In the wake of expanded recalls for Chevrolet Bolt EVs that could catch fire, not all Chevrolet Bolt owners are abiding by General Motors’ safety guidelines.

A study by Recurrent reveals that potentially 30% of newer Chevrolet Bolt owners are charging their vehicles beyond the guidelines recommended as part of the Chevy Bolt EV recall. The guidelines recommend that charging be limited to 90% capacity to prevent battery fires. However, according to Recurrent, some owners may need more range for their commutes than the guidelines allow.

Kelley Blue Book states that some drivers are unaware of the recall guidelines. Though General Motors uses its stored contact information to reach out to current vehicle owners, some people move or change their phone numbers or email addresses.

Recently, though, General Motors has announced several guideline updates, some of which may be hard—and, in many cases, impossible–for vehicle owners to follow.
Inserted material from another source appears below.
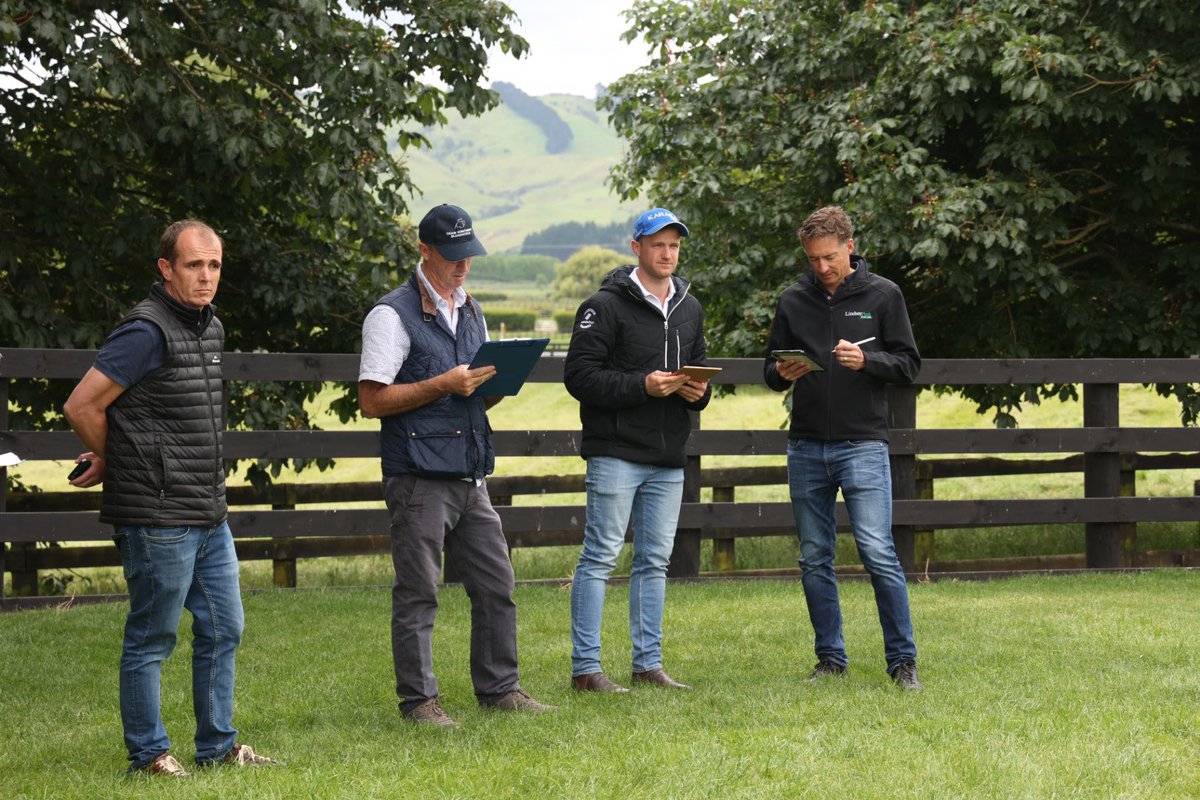 New Zealand Bloodstock on Twitter:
Long-standing safety guidelines include avoiding depletion of the battery below a range of 70 miles, not parking the car in a garage, and avoiding charging the vehicles overnight.

A red car drives in a parking lot. All of the parking spaces immediately surrounding the red car are occupied.

On September 16, General Motors added new recommendations: Chevrolet Bolt owners should park on open decks, or on top floors of parking garages. Additionally, GM advised Chevy Bolt owners to park at least 50 feet away from other vehicles, an impossibility for most of those who live in cities.

A week later, General Motors spokesperson Kevin Kelly backpedaled, telling the Detroit Free Press that Chevrolet Bolt owners who are following the other safety guidelines can park in parking structures and within 50 feet of other vehicles, as long as they leave “ample space” between vehicles.

The recall, which includes all 2017–2022 Chevrolet Bolt electric vehicles and 2020 Chevrolet Bolt electric utility vehicles, could cost General Motors up to $1.8 billion.

General Motors said it will only start replacing battery modules when it and LG, the battery manufacturer, are confident that the batteries are safe and defect-free. General Motors will issue 8-year/100,000 mile warranties for the replacement batteries.